February 16, 2026
When the spec hits the fan
What every compiler writer should know about programmers (Anton Ertl, 2015) [pdf]
Programmers vs compilers: stop breaking working code
TLDR: Anton Ertl’s throwback argues compilers use “undefined behavior” to justify risky optimizations that help benchmarks a little but break real code. The comments split between “compilers are overreaching,” “the standards people hold the power,” “just add bounds checks,” and “ditch C for safer languages,” highlighting a battle over speed vs reliability.
A 2015 firebrand PDF from Anton Ertl is back on the feed, and the comments are a battlefield. Ertl’s claim: modern C compilers use “undefined behavior” (when the rules don’t say what happens) as a free pass to rewrite your app, chasing a tiny 1.7% benchmark bump while breaking real, working code. Cue the chorus of “we’ve been here before,” with 2016 and 2019 debates resurfacing via ameliaquining.
The hottest take? zephen calls the whole “we can do anything on UB” mindset “rubbish,” linking a spicy counterargument: “Undefined behavior in C is a reading error”. Meanwhile, Joker_vD drops the cynical truth bomb: power wins—standard writers and compiler authors decide how compilers behave, and that’s that.

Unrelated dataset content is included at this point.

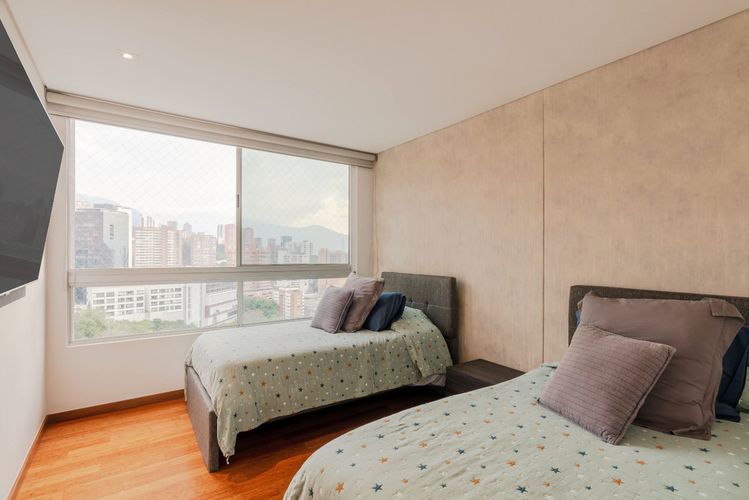 Apartamento de 3 alcobas en arriendo en El Poblado, Medellín, 205 m² · foto 6 de 14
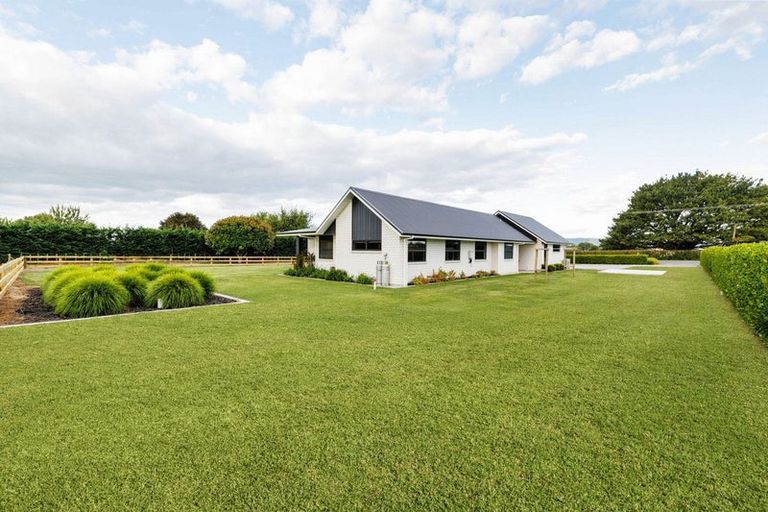 Photo of property in 99 Peake Road, Cambridge, 3493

Animats reduces the drama to basics: most examples are just missing bounds checks, as in “don’t run past the end of your list.” And then Panzerschrek throws the table: use a different language with fewer “gotchas.” Translation: Rust just entered the chat.
The thread turns meme-y fast: “A sufficiently advanced compiler is indistinguishable from an adversary” becomes the day’s slogan; “SPEC-only diet” jokes fly; and someone calls UB Schrödinger’s bug—it both exists and does not until the optimizer “helps.” The vibe? Half fed up, half fatalistic, and 100% entertained.
Key Points
- •The paper argues C compilers increasingly treat code with undefined behavior as fair game for arbitrary transformations, breaking previously working programs.
- •Ertl distinguishes C⋆ (hardware-near practice), “C” (strictly conforming UB-free subset), and Cbench (benchmark-focused subset) to frame the mismatch between programmer expectations and compiler behavior.
- •Measured benchmark gains from UB-based optimizations are small (e.g., 1.017× with Clang-3.1 on SPECint 2006).
- •Converting production C⋆ code to strictly conforming “C” imposes significant developer effort, can increase code size, and may reduce performance.
- •The paper claims focusing on programmer-led, source-level optimizations can yield much larger performance improvements than UB-based compiler optimizations.